Print the listing below only from the line that has "Bernese Mountain Dog" through the line that has "Climbing Nasturtium Seeds - Flower Plant", exactly, and drop any picture.

Entries shown
______________________________

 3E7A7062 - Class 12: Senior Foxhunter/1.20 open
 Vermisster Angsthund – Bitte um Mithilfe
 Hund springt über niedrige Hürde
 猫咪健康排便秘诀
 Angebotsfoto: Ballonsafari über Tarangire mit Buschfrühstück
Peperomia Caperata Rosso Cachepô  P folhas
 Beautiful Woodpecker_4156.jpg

______________________________

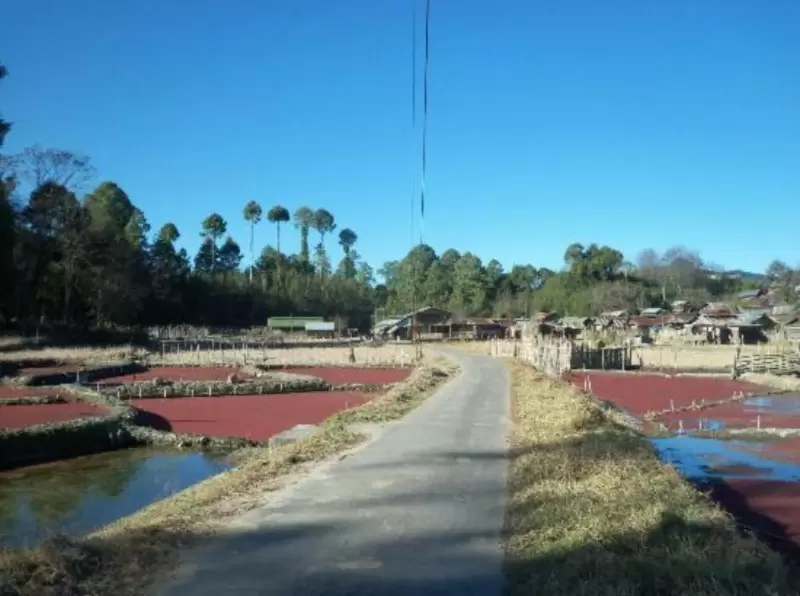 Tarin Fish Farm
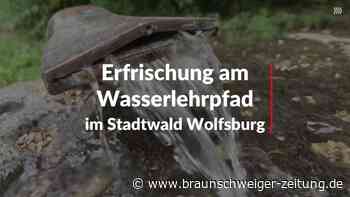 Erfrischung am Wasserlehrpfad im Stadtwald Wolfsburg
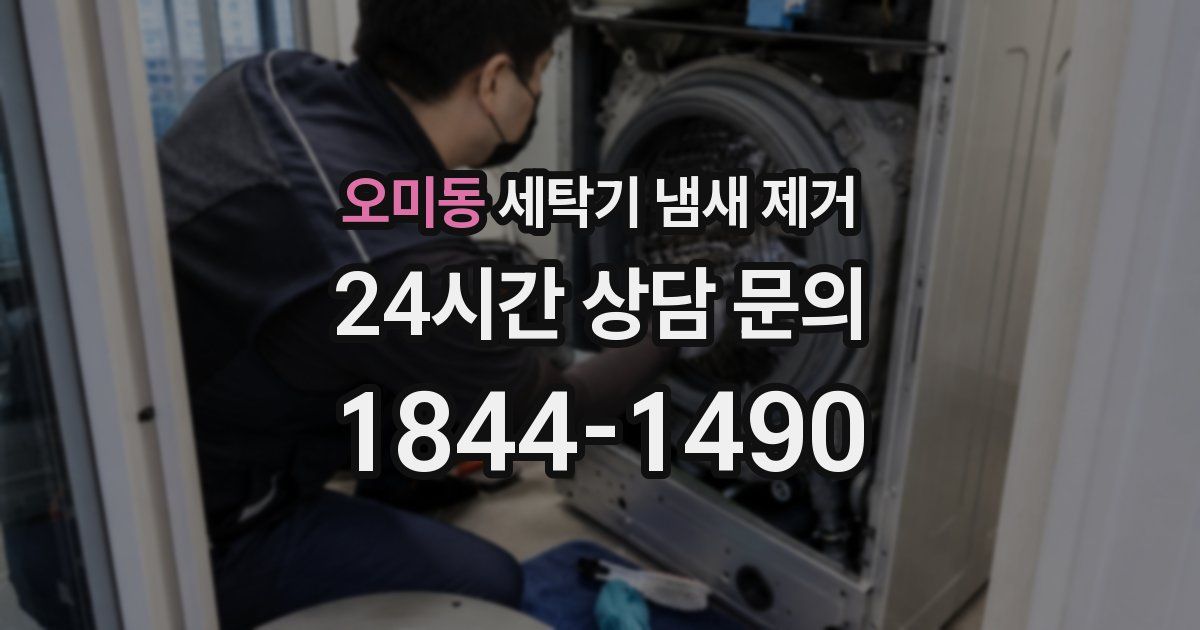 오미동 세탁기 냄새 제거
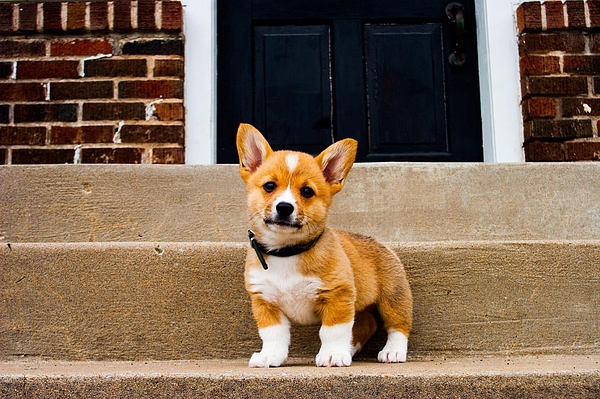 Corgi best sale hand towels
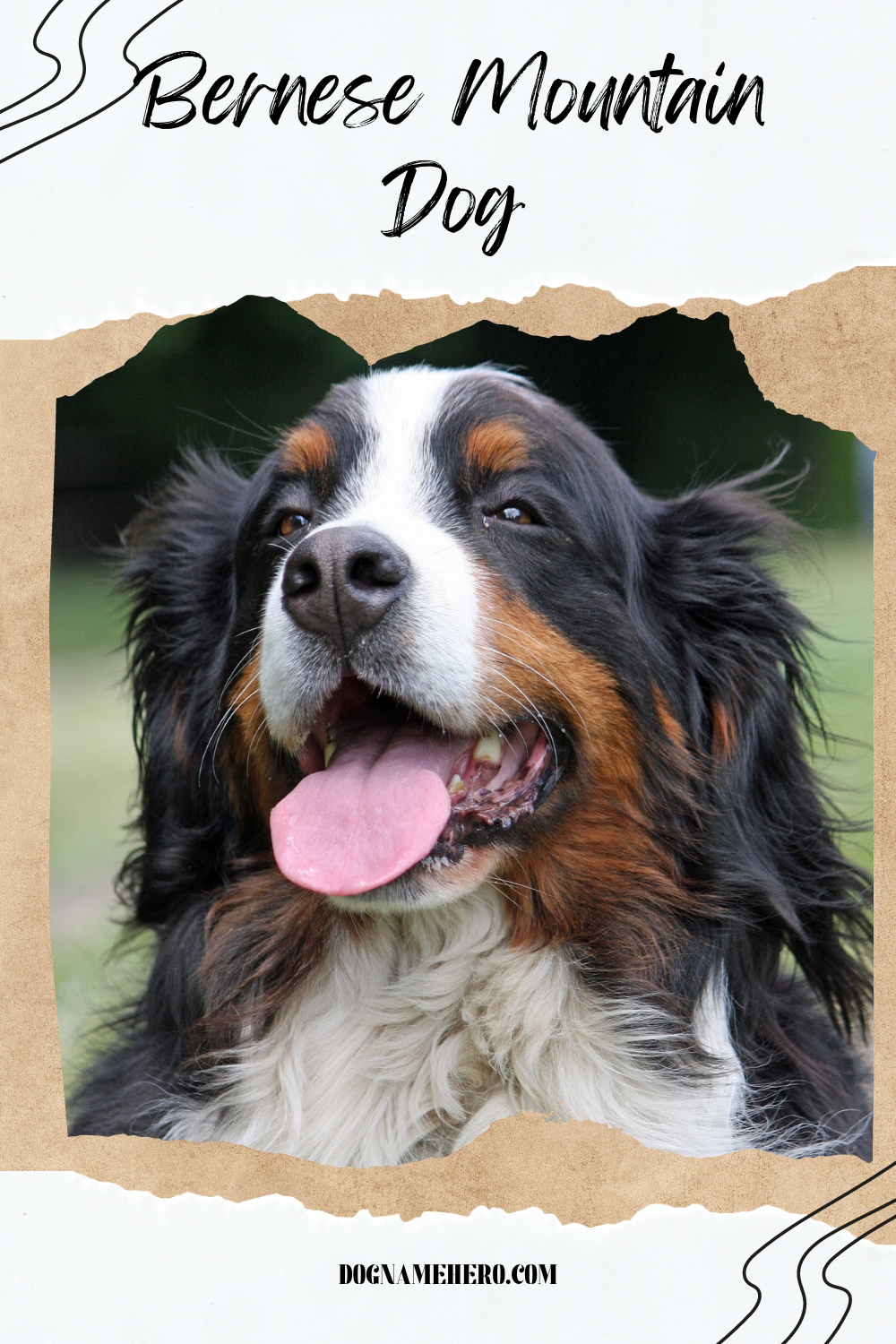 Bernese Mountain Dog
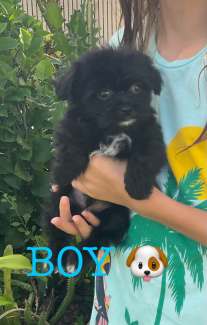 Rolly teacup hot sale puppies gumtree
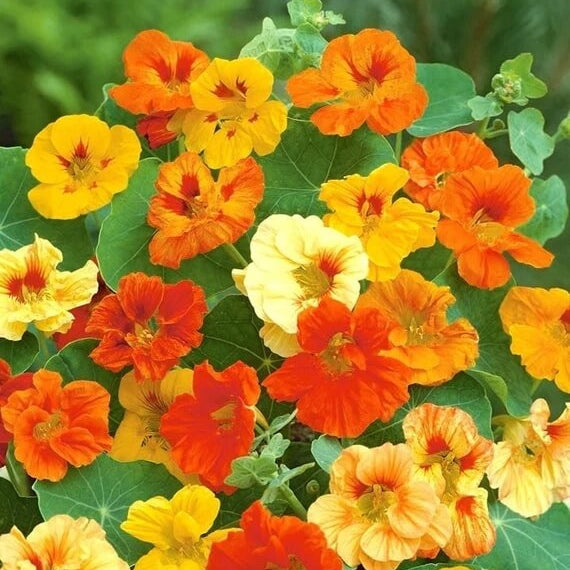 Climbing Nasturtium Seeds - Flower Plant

______________________________

Response below
 Bernese Mountain Dog
 Rolly teacup hot sale puppies gumtree
 Climbing Nasturtium Seeds - Flower Plant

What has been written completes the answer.